• [WHAT YOU ARE ASKED TO DO]
Repeat, word for word and with nothing added, each line from the one containing "CYPE 3D METÁLICAS: Demo" to the final line of the data, keeping both ends. Pictures are not part of the copy.

• [STUDY MATERIAL]

== Segment start ==

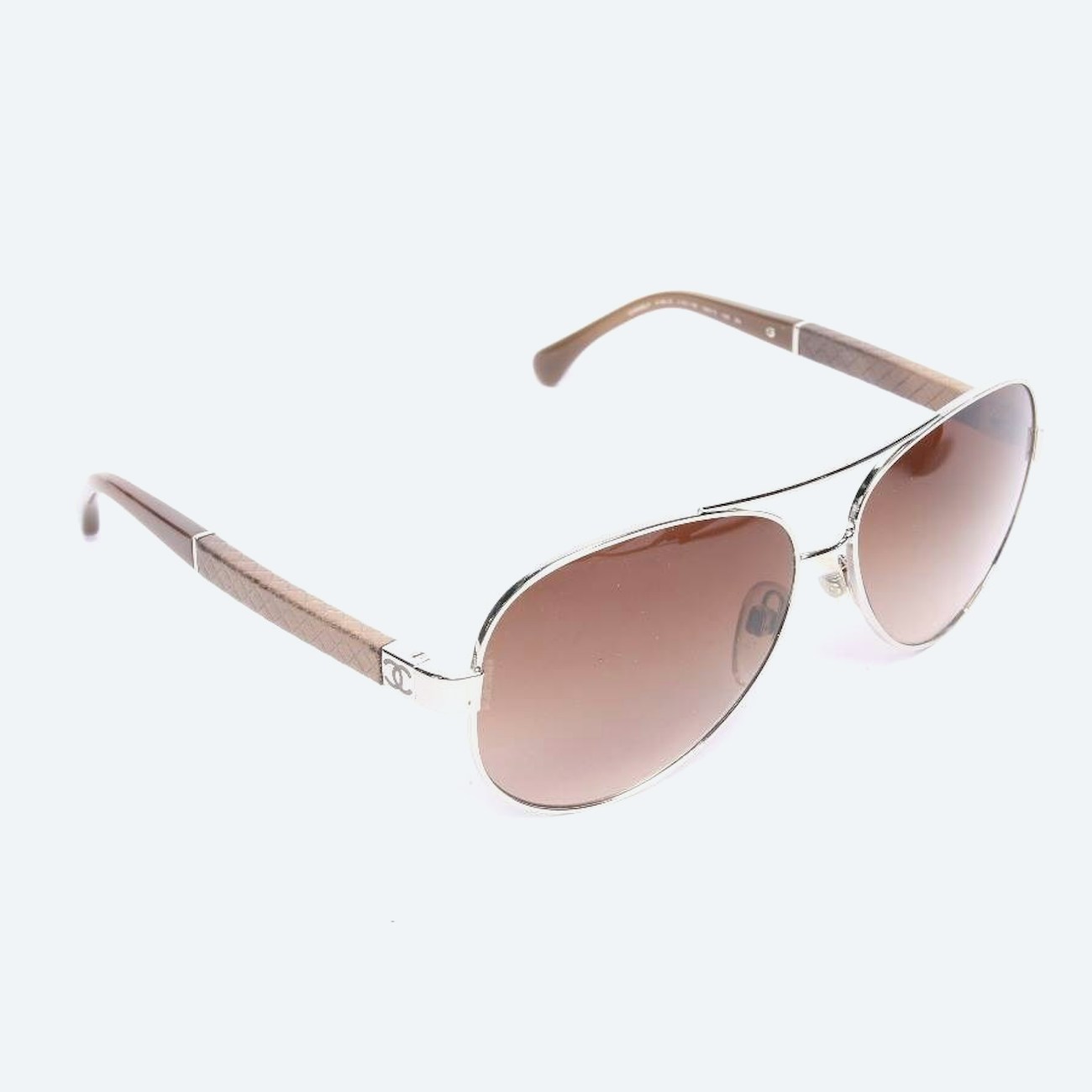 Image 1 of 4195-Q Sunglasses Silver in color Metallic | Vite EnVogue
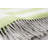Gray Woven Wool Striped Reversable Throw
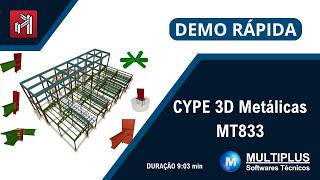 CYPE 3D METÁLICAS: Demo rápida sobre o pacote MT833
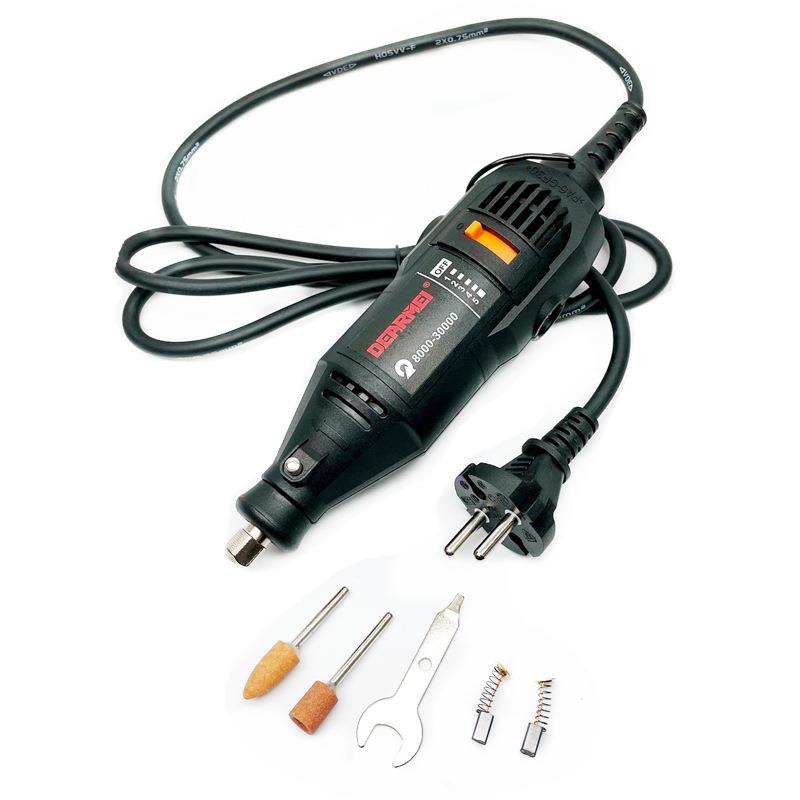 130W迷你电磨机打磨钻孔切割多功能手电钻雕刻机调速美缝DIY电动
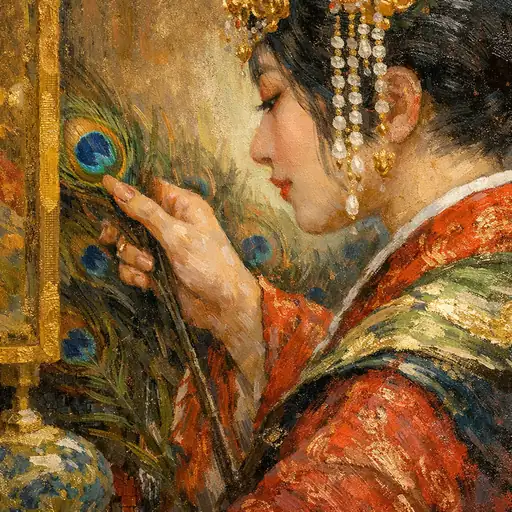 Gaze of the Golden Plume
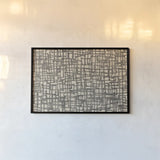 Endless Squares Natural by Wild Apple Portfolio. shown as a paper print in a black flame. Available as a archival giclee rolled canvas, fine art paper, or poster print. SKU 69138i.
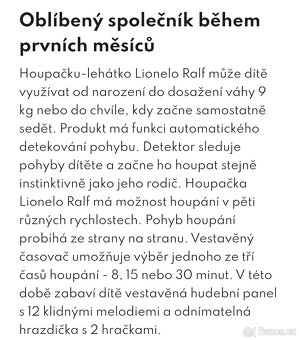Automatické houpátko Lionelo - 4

== Segment end ==

• [THE COMPLETED TASK]
 CYPE 3D METÁLICAS: Demo rápida sobre o pacote MT833
 130W迷你电磨机打磨钻孔切割多功能手电钻雕刻机调速美缝DIY电动
 Gaze of the Golden Plume
 Endless Squares Natural by Wild Apple Portfolio. shown as a paper print in a black flame. Available as a archival giclee rolled canvas, fine art paper, or poster print. SKU 69138i.
Automatické houpátko Lionelo - 4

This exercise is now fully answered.